Я был так рад, что сам сделал праздничный десерт из клейкого риса и красных бобов (традиционное корейское угощению ко дню рождения. –
Видя личико безмятежно спящей малышки, я решил работать еще усерднее. Но чуть позже реальность снова навалилась на меня во всей своей жестокости: я был женат и теперь у меня было уже двое детей. И сколько бы я ни вкалывал, все равно из нищеты мне не вылезти. Мне просто не позволяли выбраться из нее, как бы я ни старался. И детям моим предстояло то же самое – тяжкая, беспросветная жизнь.
Проснувшись на следующий день, я ощутил, что все мои наивные иллюзии улетучились. Я вновь ощутил полнейшую безнадегу. Жена заметила мое настроение, это было видно по ее лицу. Но ни слова не сказала.
Я решил навестить отца, сестру и сына.
Хочхоль был страшно рад моему приезду. Он не отходил от меня весь день, не оставляя меня ни на минуту. Такие они, наши дети, – им ничего не стоит с улыбкой разбить вам сердце. Отец уже видел Мёнхва, и радости его не было границ. Масако все еще не оправилась от пережитого. Она теперь работала на фабрике по производству фруктового сока в Тончхон-ри, но это, казалось, никак не улучшило ее настроя. Да я тоже успел поостыть от первой радости возвращения – прежнее и привычное чувство безнадежности снова вернулось. И не мог отделаться от мысли, что, если семью постигнет еще одна трагедия, я просто больше не выдержу.

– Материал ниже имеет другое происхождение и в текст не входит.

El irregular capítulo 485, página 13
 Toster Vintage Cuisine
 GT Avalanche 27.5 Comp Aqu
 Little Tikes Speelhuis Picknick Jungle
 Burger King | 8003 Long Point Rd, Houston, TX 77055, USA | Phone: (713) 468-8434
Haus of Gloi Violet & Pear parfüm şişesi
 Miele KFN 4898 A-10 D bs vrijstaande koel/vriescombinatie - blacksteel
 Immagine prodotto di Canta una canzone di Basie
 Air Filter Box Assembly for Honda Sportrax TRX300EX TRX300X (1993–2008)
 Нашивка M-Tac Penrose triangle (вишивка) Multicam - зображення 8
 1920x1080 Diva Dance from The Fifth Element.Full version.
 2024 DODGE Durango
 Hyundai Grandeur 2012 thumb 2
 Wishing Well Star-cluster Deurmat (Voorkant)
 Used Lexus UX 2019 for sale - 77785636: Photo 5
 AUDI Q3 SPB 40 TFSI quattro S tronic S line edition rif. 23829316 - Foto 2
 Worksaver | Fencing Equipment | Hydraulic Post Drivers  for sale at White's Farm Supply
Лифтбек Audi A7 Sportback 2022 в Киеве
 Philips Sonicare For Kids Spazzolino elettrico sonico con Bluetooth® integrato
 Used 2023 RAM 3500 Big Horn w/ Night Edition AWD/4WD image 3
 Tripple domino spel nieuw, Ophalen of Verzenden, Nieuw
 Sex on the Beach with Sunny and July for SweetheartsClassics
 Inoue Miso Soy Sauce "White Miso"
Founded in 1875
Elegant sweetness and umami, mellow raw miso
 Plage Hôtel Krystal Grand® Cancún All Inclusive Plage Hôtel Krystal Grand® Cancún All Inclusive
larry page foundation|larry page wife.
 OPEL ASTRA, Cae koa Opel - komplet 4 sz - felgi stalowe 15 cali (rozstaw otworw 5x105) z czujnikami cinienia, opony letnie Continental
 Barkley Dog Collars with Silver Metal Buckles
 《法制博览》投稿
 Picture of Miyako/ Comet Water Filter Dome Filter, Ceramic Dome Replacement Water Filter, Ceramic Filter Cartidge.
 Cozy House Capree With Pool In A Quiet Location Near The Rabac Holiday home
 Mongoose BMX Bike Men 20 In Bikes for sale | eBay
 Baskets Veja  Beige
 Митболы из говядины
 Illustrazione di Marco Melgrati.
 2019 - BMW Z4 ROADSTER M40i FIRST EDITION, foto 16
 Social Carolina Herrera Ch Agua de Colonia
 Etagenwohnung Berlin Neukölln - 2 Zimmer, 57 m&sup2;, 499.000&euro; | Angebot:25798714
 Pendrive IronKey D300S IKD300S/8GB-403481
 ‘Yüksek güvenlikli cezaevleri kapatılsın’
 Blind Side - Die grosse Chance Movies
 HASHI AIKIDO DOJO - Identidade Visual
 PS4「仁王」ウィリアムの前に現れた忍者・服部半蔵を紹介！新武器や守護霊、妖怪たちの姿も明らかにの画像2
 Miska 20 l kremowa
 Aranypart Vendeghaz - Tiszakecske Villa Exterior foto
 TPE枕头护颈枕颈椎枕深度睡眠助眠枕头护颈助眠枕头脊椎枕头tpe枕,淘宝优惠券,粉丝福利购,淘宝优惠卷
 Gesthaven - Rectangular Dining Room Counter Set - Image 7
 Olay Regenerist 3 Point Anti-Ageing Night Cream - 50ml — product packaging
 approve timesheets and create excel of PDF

Я решил выйти из дома пройтись. И встретил старых знакомых. Хоть они всегда и презирали меня, но, как ни странно, остановились поболтать. Рассказали мне о новой жительнице деревни. Похоже, речь шла о какой-то зажиточной возвращенке из Японии, недавно высланной из Хамхына. Слишком уж роскошествовала в Хамхыне, вот тайная полиция и решила отправить ее в нашу глухомань. Строго говоря, ей светил концентрационный лагерь, но люди поговаривали, что она наверняка подкупила кого надо.
Выслушав их без особого интереса, я продолжил прогулку. Через несколько минут я добрался до речки и там встретил эту загадочную незнакомку. Женщина была симпатичной, хорошо одетой, ухоженной. Подойдя к ней, я представился – почему бы и нет, в конце концов мы с ней оба были возвращенцами. Мельком взглянув на меня, она сделала вид, что меня здесь нет. Я как бы не существовал для нее. С отсутствующим видом она прошла мимо меня – еще один призрак в стране мертвецов.
Вот тогда я и решил вернуться к своей угольной печи, к миру тяжкой работы и молчания. К рубке деревьев, обрубанию веток, распилу стволов, тасканию чурбаков к печи. К миру, где я каждый вечер заливал боль в спине и в сердце водкой. Мне хотелось заниматься чем-то простым и честным, чем-то, за что никто не сможет упрекнуть меня. Но почему-то, даже вернувшись к жизни отшельника, я постоянно вспоминал ту не удостоившую меня вниманием невозвращенку. Глупо было зацикливаться на этом. Из всех впавших на мою долю оскорблений это было отнюдь не самое злобное. Но я никак не мог выкинуть ее из головы. Она демонстративно не обращала на меня внимания. Нарочно. Делала вид, что я – пустое место, хоть я и стоял от нее в двух метрах. Мне показалось, что именно тот момент и подвел итог всего моего существования в этом мире. Я был ничем. Или даже меньше, чем ничем. За что бы я ни брался, все оборачивалось пустой тратой времени и сил.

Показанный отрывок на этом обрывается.